- **Supplied data**:
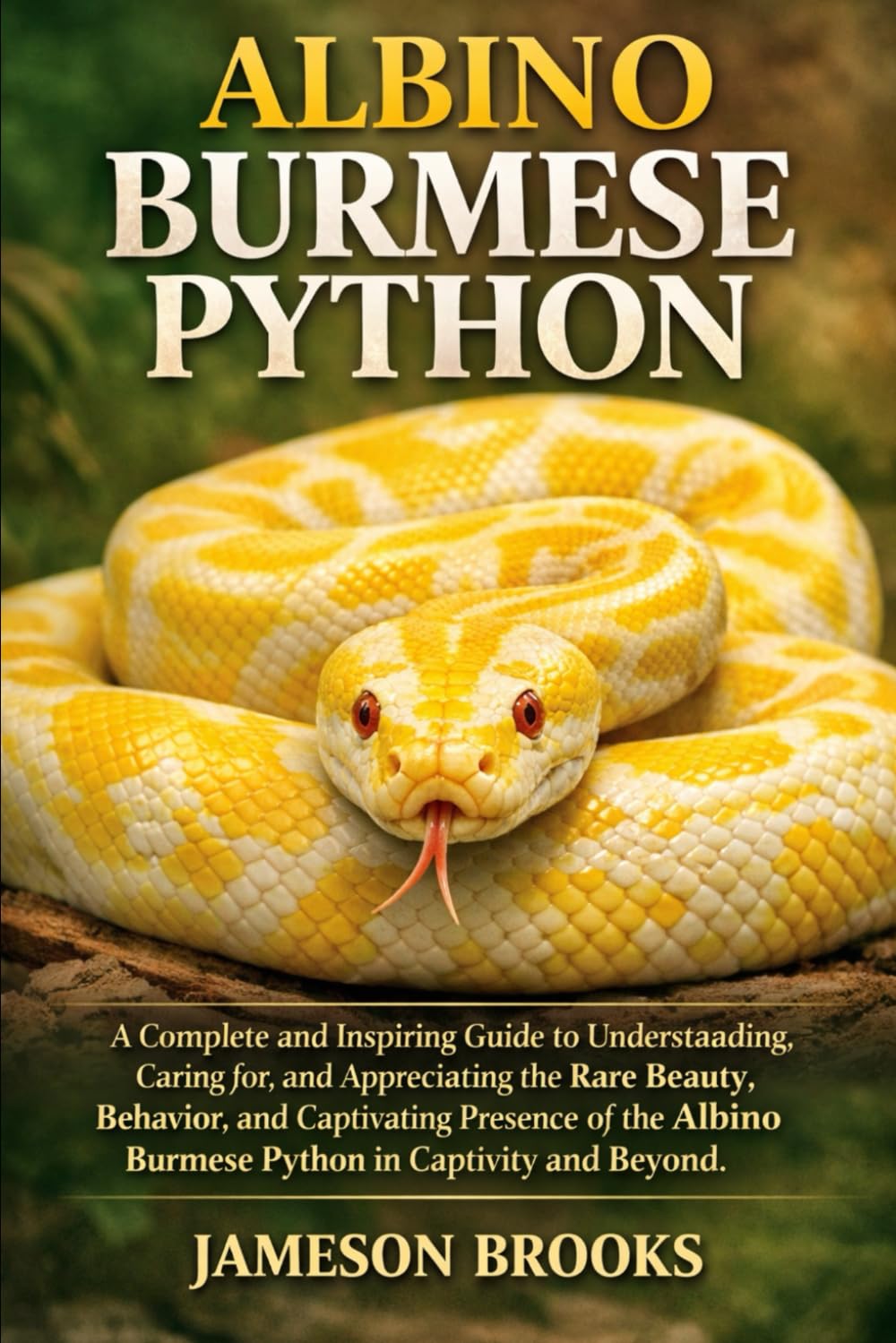 ALBINO BURMESE PYTHON: A Complete and Inspiring Guide to Understanding, Caring for, and Appreciating the Rare Beauty, Behavior, and Captivating ... Burmese Python in Captivity and Beyond.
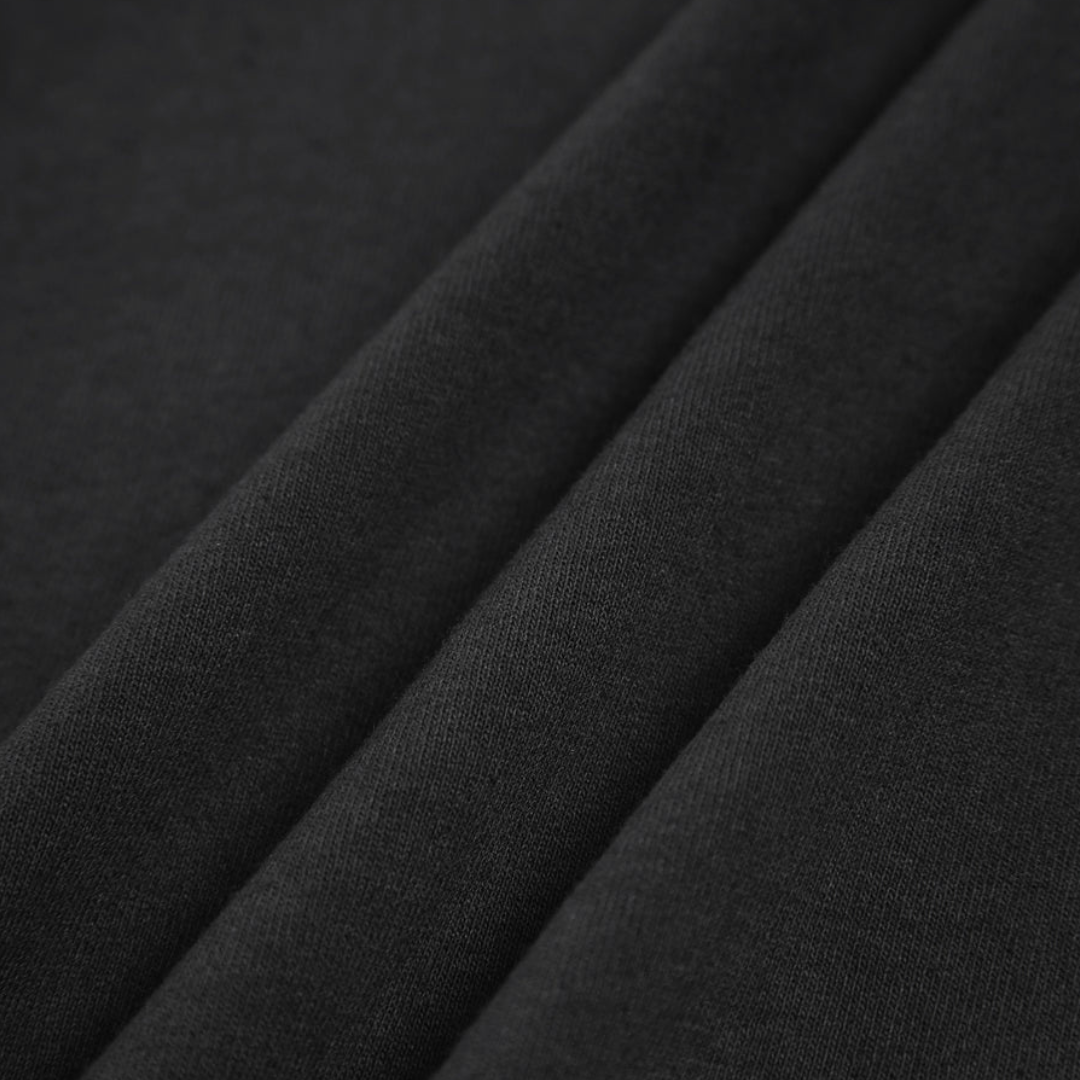 Black Sleeveless Tank Top with White Trim for Women | Clara Vienne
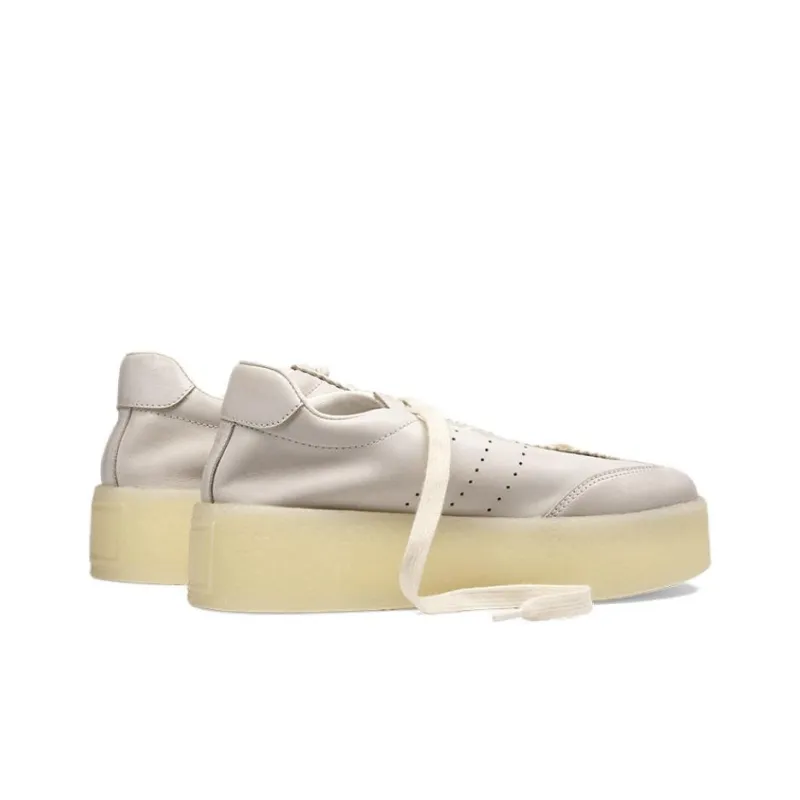 ZSAZSAZSU Cream Toast Low-Top Skateboard Shoes Women's Ecru-3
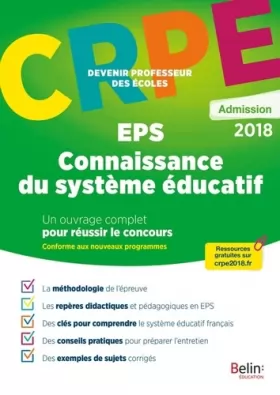 Couverture du produit · EPS - Connaissance du système éducatif: Epreuve orale d'admission CRPE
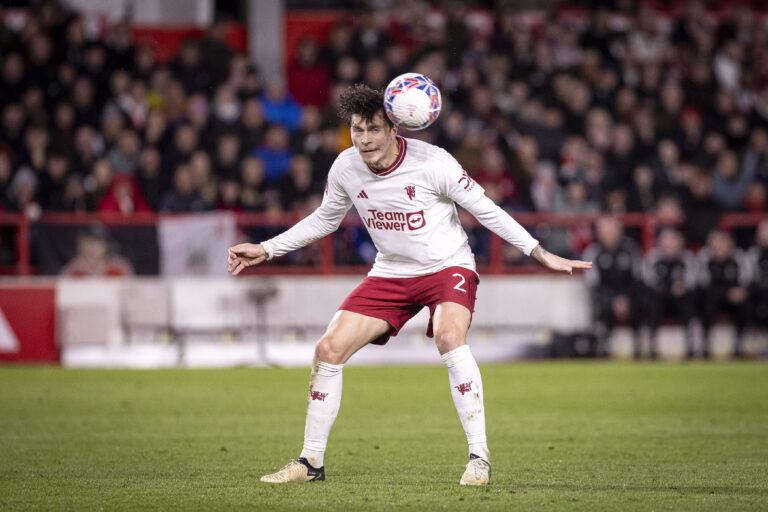 Nottingham, England, Feb 28th 2024: Victor Lindelof of Man Utd during the FA Cup 5th round football match between Nottingham Forest and Manchester United at the City Ground in Nottingham, England. United won 1-0 with a goal by Casemiro  (Richard Callis/SPP) (Photo by Richard Callis/SPP/Sipa USA)
2024.02.29 Nottingham
pilka nozna puchar anglii
Nottingham Forest - Manchester United
Foto SPP/SIPA USA/PressFocus

!!! POLAND ONLY !!!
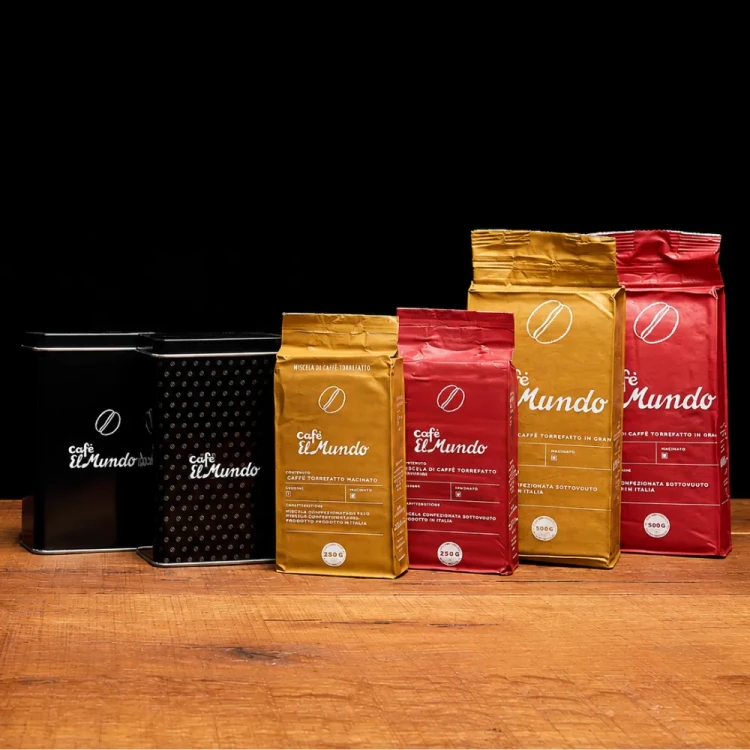 Kawy mielone Cafe El Mundo – Moka Oro i Moka Rossa 250g oraz 500g
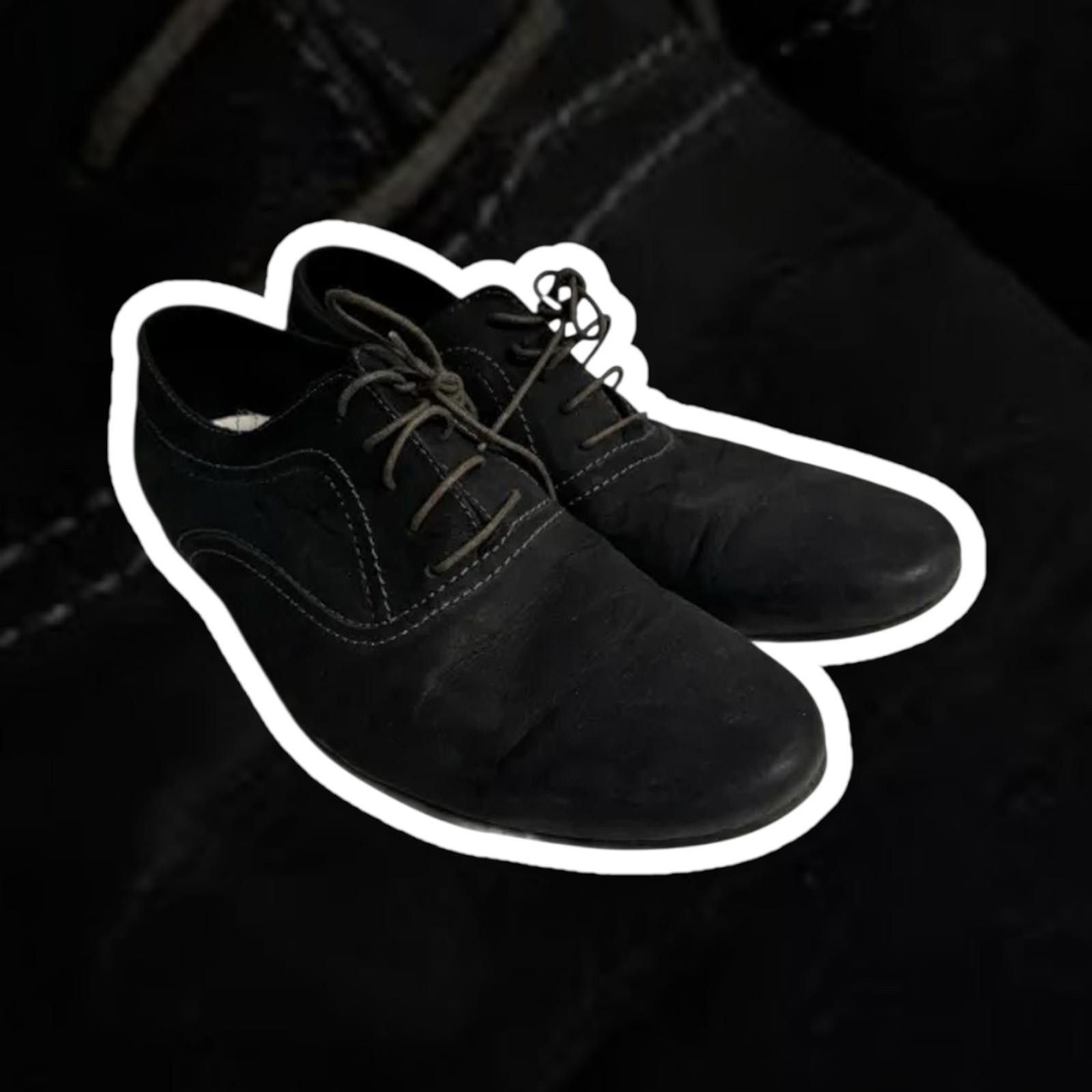 Designer Stylish Black Lace-Up Shoes by Red Tape Size US 10 / EU 43 - 1 Thumbnail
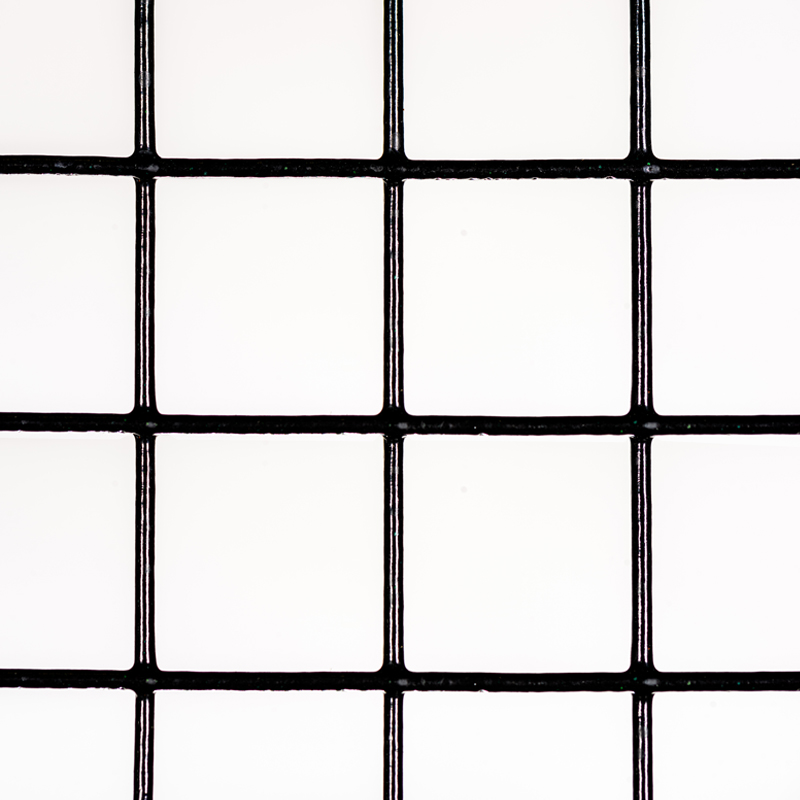 black welded wire detail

- **Task to carry out**: Reproduce, word for word, every line from the one that contains "Black Sleeveless Tank" to the end of the data, including both ends; omit all pictures.

- **Solution for this exercise**:
 Black Sleeveless Tank Top with White Trim for Women | Clara Vienne
 ZSAZSAZSU Cream Toast Low-Top Skateboard Shoes Women's Ecru-3
 Couverture du produit · EPS - Connaissance du système éducatif: Epreuve orale d'admission CRPE
 Nottingham, England, Feb 28th 2024: Victor Lindelof of Man Utd during the FA Cup 5th round football match between Nottingham Forest and Manchester United at the City Ground in Nottingham, England. United won 1-0 with a goal by Casemiro  (Richard Callis/SPP) (Photo by Richard Callis/SPP/Sipa USA)
2024.02.29 Nottingham
pilka nozna puchar anglii
Nottingham Forest - Manchester United
Foto SPP/SIPA USA/PressFocus

!!! POLAND ONLY !!!
 Kawy mielone Cafe El Mundo – Moka Oro i Moka Rossa 250g oraz 500g
 Designer Stylish Black Lace-Up Shoes by Red Tape Size US 10 / EU 43 - 1 Thumbnail
 black welded wire detail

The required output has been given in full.